▸ **Task statement**
Beginning at the first line of the data, print each line exactly, stopping after the line that contains "Lisbon aerial view".

▸ **Record excerpts**
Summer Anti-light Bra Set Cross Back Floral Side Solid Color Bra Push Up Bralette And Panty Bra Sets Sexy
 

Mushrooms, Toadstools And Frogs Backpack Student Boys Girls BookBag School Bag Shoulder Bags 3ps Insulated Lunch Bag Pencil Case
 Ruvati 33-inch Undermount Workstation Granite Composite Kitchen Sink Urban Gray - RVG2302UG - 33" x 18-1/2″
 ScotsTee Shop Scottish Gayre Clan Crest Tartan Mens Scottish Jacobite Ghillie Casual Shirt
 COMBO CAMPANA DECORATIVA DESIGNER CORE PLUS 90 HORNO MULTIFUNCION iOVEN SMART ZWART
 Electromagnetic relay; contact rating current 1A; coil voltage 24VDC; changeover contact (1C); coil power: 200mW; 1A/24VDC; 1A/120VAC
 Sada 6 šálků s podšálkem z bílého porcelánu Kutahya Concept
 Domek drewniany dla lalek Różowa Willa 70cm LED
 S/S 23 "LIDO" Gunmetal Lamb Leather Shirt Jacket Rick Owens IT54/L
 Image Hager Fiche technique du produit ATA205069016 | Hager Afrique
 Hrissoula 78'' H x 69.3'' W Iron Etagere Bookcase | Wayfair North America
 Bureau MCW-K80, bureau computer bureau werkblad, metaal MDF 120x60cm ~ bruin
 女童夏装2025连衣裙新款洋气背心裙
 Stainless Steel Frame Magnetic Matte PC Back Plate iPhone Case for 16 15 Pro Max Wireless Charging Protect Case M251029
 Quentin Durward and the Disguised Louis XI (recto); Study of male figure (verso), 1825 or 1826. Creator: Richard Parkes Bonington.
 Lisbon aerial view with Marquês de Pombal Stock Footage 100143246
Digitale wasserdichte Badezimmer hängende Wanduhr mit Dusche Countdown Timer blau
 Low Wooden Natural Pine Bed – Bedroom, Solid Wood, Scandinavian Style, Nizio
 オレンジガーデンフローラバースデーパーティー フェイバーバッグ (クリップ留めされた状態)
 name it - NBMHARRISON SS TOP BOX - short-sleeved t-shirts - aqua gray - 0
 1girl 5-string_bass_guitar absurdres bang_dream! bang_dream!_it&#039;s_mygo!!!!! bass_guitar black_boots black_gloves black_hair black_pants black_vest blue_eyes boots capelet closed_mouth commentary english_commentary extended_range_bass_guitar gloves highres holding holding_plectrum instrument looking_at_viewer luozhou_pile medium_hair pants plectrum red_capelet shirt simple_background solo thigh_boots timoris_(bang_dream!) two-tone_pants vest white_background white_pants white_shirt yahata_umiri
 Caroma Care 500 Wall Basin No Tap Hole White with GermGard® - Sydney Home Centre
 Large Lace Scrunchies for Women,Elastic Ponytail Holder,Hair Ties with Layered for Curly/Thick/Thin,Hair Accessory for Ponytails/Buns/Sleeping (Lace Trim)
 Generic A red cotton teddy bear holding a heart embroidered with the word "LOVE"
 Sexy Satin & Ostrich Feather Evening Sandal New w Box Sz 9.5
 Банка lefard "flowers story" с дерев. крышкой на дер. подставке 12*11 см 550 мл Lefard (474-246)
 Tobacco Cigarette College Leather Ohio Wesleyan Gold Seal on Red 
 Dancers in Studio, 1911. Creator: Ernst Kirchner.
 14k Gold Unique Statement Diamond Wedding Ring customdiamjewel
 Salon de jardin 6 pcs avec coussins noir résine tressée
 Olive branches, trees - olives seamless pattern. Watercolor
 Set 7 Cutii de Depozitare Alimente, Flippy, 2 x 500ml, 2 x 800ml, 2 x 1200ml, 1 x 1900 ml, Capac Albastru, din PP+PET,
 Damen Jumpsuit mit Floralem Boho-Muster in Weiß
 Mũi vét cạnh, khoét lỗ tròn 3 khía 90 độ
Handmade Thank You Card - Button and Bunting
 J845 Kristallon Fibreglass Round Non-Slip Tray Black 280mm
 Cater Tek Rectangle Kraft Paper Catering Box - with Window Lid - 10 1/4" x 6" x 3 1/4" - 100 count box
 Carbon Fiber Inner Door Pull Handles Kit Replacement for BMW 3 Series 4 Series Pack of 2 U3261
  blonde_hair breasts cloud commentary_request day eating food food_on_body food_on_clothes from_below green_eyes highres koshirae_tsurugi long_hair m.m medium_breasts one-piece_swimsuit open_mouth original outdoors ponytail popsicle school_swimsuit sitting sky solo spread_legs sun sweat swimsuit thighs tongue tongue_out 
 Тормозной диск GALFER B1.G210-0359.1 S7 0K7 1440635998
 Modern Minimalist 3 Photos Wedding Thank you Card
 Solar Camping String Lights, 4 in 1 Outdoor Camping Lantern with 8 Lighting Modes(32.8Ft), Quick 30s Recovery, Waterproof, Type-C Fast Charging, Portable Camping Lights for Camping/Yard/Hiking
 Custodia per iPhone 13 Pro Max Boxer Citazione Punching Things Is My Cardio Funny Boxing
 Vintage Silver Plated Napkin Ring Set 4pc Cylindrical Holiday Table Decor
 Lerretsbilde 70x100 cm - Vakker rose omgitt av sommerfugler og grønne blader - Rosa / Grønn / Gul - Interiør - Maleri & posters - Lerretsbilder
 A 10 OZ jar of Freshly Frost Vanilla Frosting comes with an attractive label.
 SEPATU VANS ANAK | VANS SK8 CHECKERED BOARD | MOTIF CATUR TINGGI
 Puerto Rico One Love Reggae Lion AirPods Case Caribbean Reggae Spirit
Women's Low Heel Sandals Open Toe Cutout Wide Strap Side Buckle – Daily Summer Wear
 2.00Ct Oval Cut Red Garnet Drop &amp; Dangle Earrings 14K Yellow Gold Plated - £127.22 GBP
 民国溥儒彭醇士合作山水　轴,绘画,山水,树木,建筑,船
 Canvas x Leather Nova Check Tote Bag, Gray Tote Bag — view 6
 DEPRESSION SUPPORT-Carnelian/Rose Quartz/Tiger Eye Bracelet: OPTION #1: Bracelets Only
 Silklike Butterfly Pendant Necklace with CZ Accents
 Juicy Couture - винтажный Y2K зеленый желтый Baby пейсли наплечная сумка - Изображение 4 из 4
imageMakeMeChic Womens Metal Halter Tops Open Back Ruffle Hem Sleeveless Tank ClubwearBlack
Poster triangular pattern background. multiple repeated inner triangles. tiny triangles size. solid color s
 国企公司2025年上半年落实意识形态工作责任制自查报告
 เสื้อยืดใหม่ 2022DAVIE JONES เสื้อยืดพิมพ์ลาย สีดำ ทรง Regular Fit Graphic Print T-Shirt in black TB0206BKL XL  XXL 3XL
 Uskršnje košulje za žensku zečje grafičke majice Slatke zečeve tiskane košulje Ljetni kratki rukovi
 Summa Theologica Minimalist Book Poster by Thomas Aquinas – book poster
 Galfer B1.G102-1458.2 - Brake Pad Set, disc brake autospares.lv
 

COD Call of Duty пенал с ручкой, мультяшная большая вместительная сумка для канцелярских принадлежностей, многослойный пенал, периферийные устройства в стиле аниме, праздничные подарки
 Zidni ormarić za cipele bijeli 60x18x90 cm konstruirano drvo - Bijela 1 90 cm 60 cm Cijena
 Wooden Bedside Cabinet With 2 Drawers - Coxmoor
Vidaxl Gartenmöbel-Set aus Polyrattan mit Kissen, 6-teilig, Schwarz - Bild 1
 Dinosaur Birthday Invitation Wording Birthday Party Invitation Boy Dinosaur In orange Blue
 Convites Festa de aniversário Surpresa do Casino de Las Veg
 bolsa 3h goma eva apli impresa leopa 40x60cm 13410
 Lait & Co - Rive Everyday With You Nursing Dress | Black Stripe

▸ **Answer section**
Summer Anti-light Bra Set Cross Back Floral Side Solid Color Bra Push Up Bralette And Panty Bra Sets Sexy
 

Mushrooms, Toadstools And Frogs Backpack Student Boys Girls BookBag School Bag Shoulder Bags 3ps Insulated Lunch Bag Pencil Case
 Ruvati 33-inch Undermount Workstation Granite Composite Kitchen Sink Urban Gray - RVG2302UG - 33" x 18-1/2″
 ScotsTee Shop Scottish Gayre Clan Crest Tartan Mens Scottish Jacobite Ghillie Casual Shirt
 COMBO CAMPANA DECORATIVA DESIGNER CORE PLUS 90 HORNO MULTIFUNCION iOVEN SMART ZWART
 Electromagnetic relay; contact rating current 1A; coil voltage 24VDC; changeover contact (1C); coil power: 200mW; 1A/24VDC; 1A/120VAC
 Sada 6 šálků s podšálkem z bílého porcelánu Kutahya Concept
 Domek drewniany dla lalek Różowa Willa 70cm LED
 S/S 23 "LIDO" Gunmetal Lamb Leather Shirt Jacket Rick Owens IT54/L
 Image Hager Fiche technique du produit ATA205069016 | Hager Afrique
 Hrissoula 78'' H x 69.3'' W Iron Etagere Bookcase | Wayfair North America
 Bureau MCW-K80, bureau computer bureau werkblad, metaal MDF 120x60cm ~ bruin
 女童夏装2025连衣裙新款洋气背心裙
 Stainless Steel Frame Magnetic Matte PC Back Plate iPhone Case for 16 15 Pro Max Wireless Charging Protect Case M251029
 Quentin Durward and the Disguised Louis XI (recto); Study of male figure (verso), 1825 or 1826. Creator: Richard Parkes Bonington.
 Lisbon aerial view with Marquês de Pombal Stock Footage 100143246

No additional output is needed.